Trois jours – 1955. Vassilis est un commerçant qui fait partie des Grecs de la Ville à Istanbul. Sa famille avant lui a souvent subi le sort chaotique des Grecs installés ici. Lui-même est proche de la ruine. Sous l’influence d’Atatürk, le nationalisme turc se fait de plus en plus exigeant dans le pays. Son ami commissaire prévient Vassilis que la situation est en train d’empirer pour les Grecs de la Ville. Les Turcs alimentent le conflit chypriote, et un attentat (certainement simulé) visant la maison d’Atatürk ne font qu’aggraver les choses. Avec la complicité des forces de l’ordre, des émeutes entretiennent le chaos. Les Grecs de la Ville sont visés par le vandalisme. Vassilis n’y échappe pas. C’est ainsi qu’il découvre un squelette dans la cave (invisible d’accès jusqu’à là) de sa boutique. Un mystère qui réveillera son passé familial…

Le cadavre et le puits – Quand le cadavre d’un homme de trente-cinq ans est découvert dans un puits, ça entraîne une enquête de police. D’autant que la victime avait des idées de gauche, était même syndiqué. Mais les apparences sont parfois trompeuses. Une mise en scène meurtrière peut induire en erreur les enquêteurs…

Ulysse vieillit mal – Un Athénien s’est pris de sympathie pour un petit commerçant d’Istanbul faisant partie des Grecs de la Ville. Toutefois, le septuagénaire Ulysse sent le besoin de quitter la Turquie. Il va finalement habiter dans un hospice, en Turquie, où l’Athénien lui rend quelquefois visite – rarement, car leur relation n’est plus la même. Tardivement, il apprend la mort d’Ulysse. Rien de suspect, c’est un infarctus suite à un ultime "coup de sang" de révolte…

L’arc de Pompéi – En Grèce, le père Ioannis est très actif dans l’aide aux nécessiteux et aux migrants. Ce que lui reproche un comité nationaliste grec, des enragés hostiles à sa généreuse démarche. Mais le père Ionnais n’est pas de ceux qui cèdent aux pressions, il persistera. Sans doute ne mesure-t-il pas que ses ennemis (il ne s’agit plus de simples adversaires) sont des jusqu’au-boutistes…

Tentative tardive – En juillet 1944, le couple Krull accorde toujours sa confiance à Hitler. Ceux qui ont organisé un attentat raté contre le Führer sont, pour les Krull qui refuse d’y voir le début de la fin, des traîtres – qu’on va bien vite juger et condamner mort. Malgré la fermeté toujours affichée par le Reich, l’Histoire est en marche…

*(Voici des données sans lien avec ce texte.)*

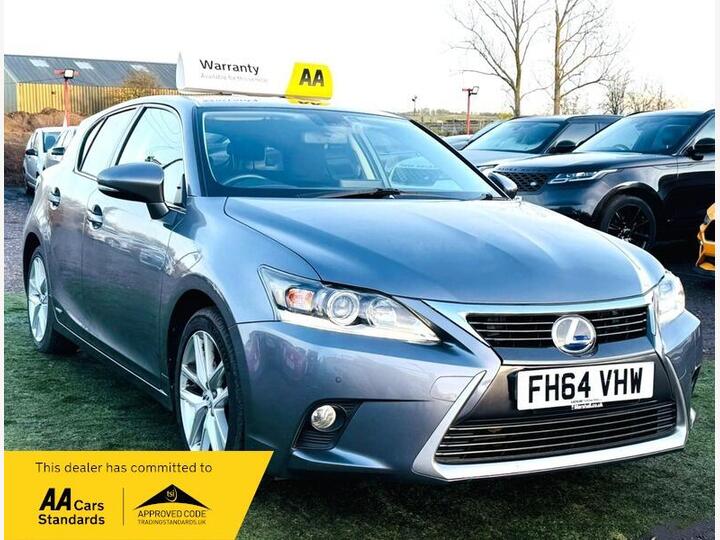 Lexus CT 1.8 200h Advance CVT Euro 6 (s/s) 5dr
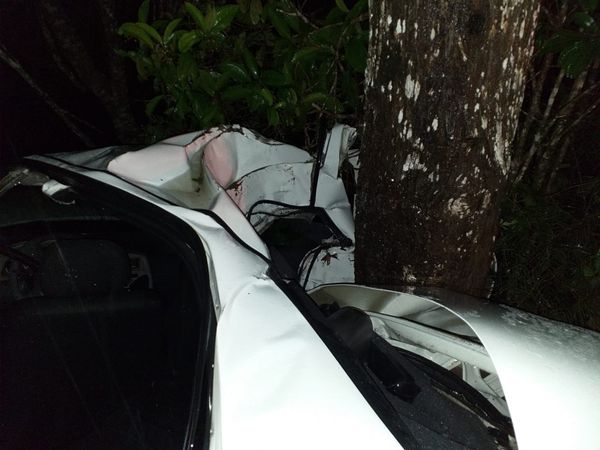 Mulher morre em acidente de trânsito na ES 257, em Aracruz por 5º DPM de Trânsito/Polícia Militar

Crimes et poèmes – Le commissaire Charitos enquête sur un meurtre commis au cœur de la nuit près d’un café-librairie, suite à une soirée de danse à laquelle participèrent le policier et son épouse. La victime est un cinéaste connu, actuellement sur un projet de nouveau film. Si Charitos interroge un modeste marchand de fleur, c’est davantage en tant que témoin que comme suspect. Le policier comprend de plus en plus mal son pays : “Les metteurs en scène se font tuer, les flics écrivent des poèmes, les maisons d’édition se changent en bistrots, la Grèce est mal barrée.”

Petros Markaris : Trois jours (Seuil, 2019)

En marge des enquêtes du commissaire Charitos, ce recueil de huit nouvelles offrent une autre facette du talent de Petros Markaris. On y retrouve la même lucidité de l’auteur sur son pays (à la fois Istanbul dont il est natif, et la Grèce) et son histoire. C’est particulièrement vrai dans “Trois jours” qui illustre la position souvent incertaine des Grecs d’Istanbul. Il traite aussi de sujets de société d’aujourd’hui, avec la radicalisation contre les immigrés en Grèce, et l’Islam qui installe ses théories fortes y compris en Allemagne. Par ailleurs, ce sont des enquêtes de police plus classiques qu’il nous invite à suivre – soulignant quand même la déliquescence de la culture en Grèce. Ces crimes ne relèvent pas de la tragédie, dont ce pays fut autrefois maître en la matière. Markaris ne manque pas de nous faire sourire dès que s’en présente l’occasion. Comme dans ses romans, on savoure son regard sans préjugé.

Voilà quelques nouvelles de Petros Markaris qu’on a grand plaisir à lire.